An interesting thing happened to me yesterday at a minor trial in city traffic court. I had been retained by a local cyclist to represent him in a hearing over his failure to stop at a stop sign. He had really blown through the thing, so we didn’t have much of a case about his failure to stop.

The reason he hired me was to try to get the judge not to report the violation to the Motor Vehicle Department. Since you don’t need a driver’s license to run a stop sign on a bike, the thinking goes, you shouldn’t have points taken off your license and you shouldn’t suffer the huge increase in car insurance from having this moving violation on your record. However, in this person’s previous experience, that’s exactly what happened, and he didn’t want it happening again.
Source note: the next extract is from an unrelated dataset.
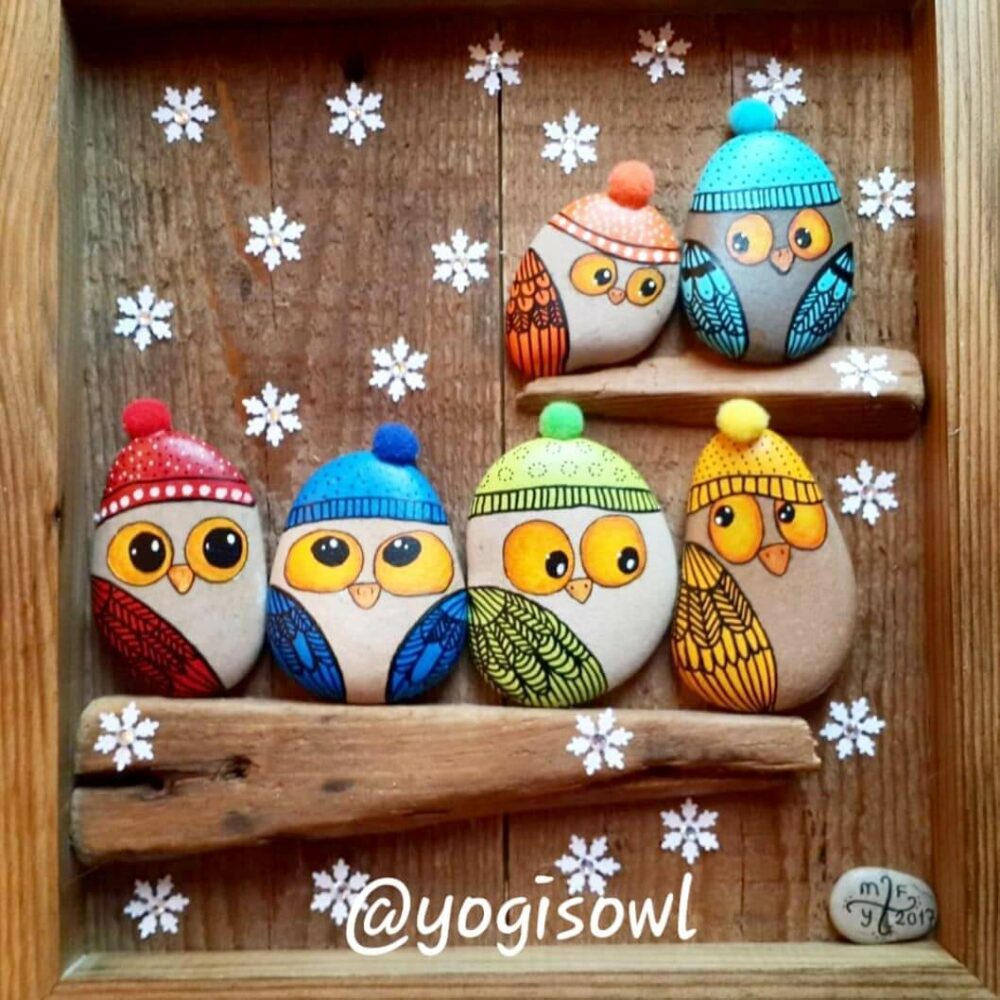 painted rock owl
Usually here in Tucson you get Judge Leavitt for these violations. I am told Leavitt is not a lawyer, and has never been to law school, although I do not know this to be true.

My experience with Judge Leavitt is that she regards her job to be to collect money and punish people for their transgressions against the City. She takes this job very seriously. She gives long introductions to each defendant about how the so-called “burden of proof” is on the City, and she loves to get into arcane and pointless discussions about “authentication” of photographs and so forth. She does not offer people community service unless they demand it and prove they deserve it, and she does not let you off for making a mistake. If the cop doesn’t show she continues the trial and makes you come back. And if you run a stop sign on your bike, you better believe she is going to report it to the MVD. I have often pondered her little introduction about the burden of proof, because in her view a mere allegation by the cop amounts to the City meeting its burden. It seems to me the burden of proof is actually on the defendant in her courtroom. I don’t like going in front of her because all you can do is lose.
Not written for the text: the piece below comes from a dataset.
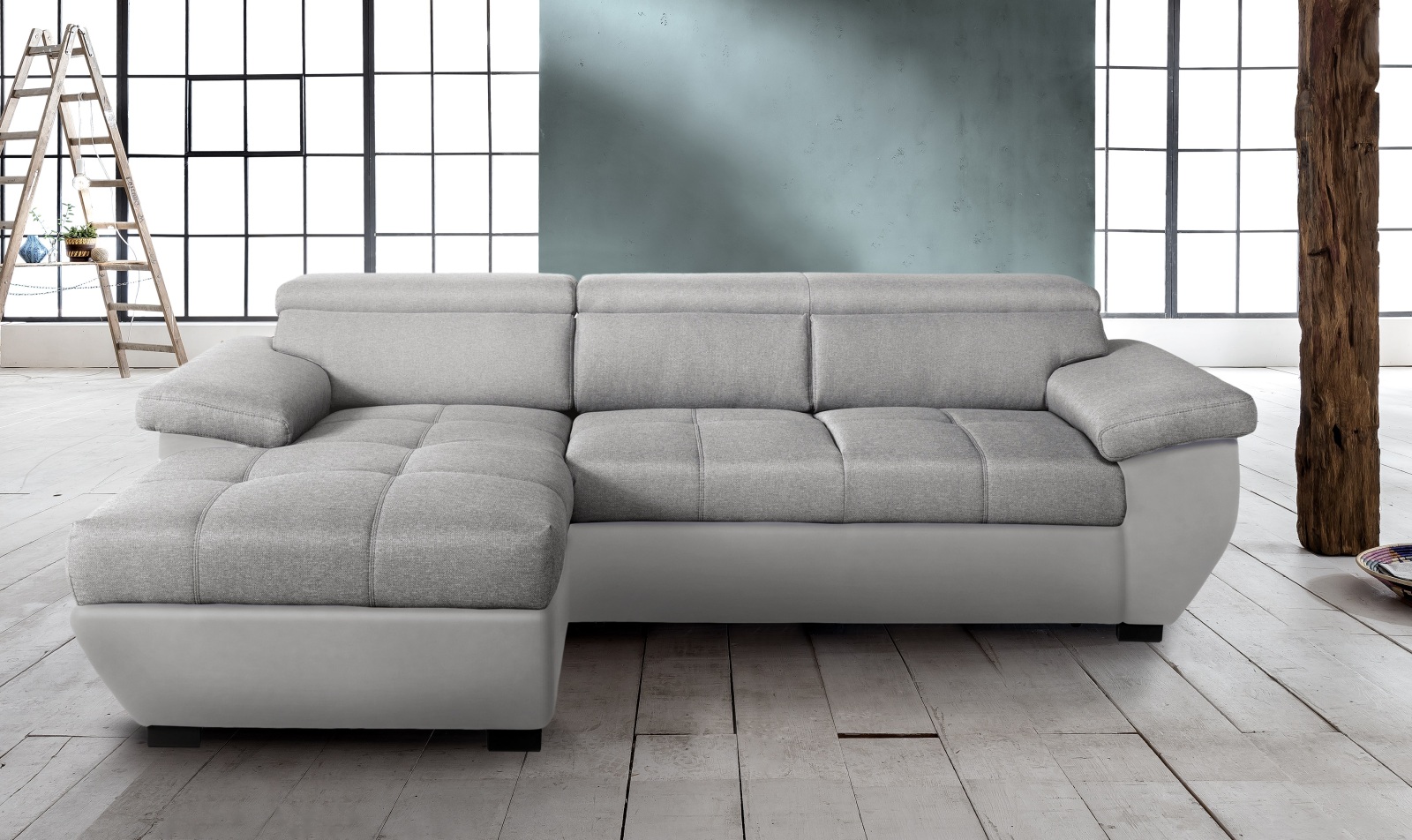 Ecksofa - grau-silber - Liegefunktion - Recamiere links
But there was some kind of judge-shuffling going on yesterday and we got a judge I’d never even heard of. The hearing was in a tiny room. This judge did none of the preliminaries. He didn’t even have my client sit in the witness chair when I conducted the direct examination.

At the end, with no prompting from me at all, he offered my client community service and announced that he would not be reporting this violation to the MVD. He even had his assistant show me that she was filing the violation in a way that it would not be reported. Then he wished my client the best of luck and sent us on our way.

What a difference a judge can make in our so-called blind system of justice!

2 Responses to “Judges”

  1. n8 Says:

    Keep doing what your doing.

  2. Eitan189 Says:

    I got a ticket for doing the exact same thing at a stoplight down in Virginia. I made the mistake of giving the cop my drivers license instead of some other form of ID and the ticket was written up as a standard traffic violation as if I had been driving a car $156 bucks! I went to traffic court and when the judge asked me how I plead I said guilty but asked for lenience. He said “im feeling very lenient today, what are your reasons for asking.” I informed him that (A) I had a clean driving record and (B) at the time of my moving violation I was riding a bicycle. At that point the entire courtroom erupted in laughter. The Judge quickly waved the ticket and I only had to pay the court fee $56.

    I actually don’t know if the infringement was removed from my driving record since I had an out of state license, but I guess the lesson is that this kind of thing is completely arbitrary depending on the judge.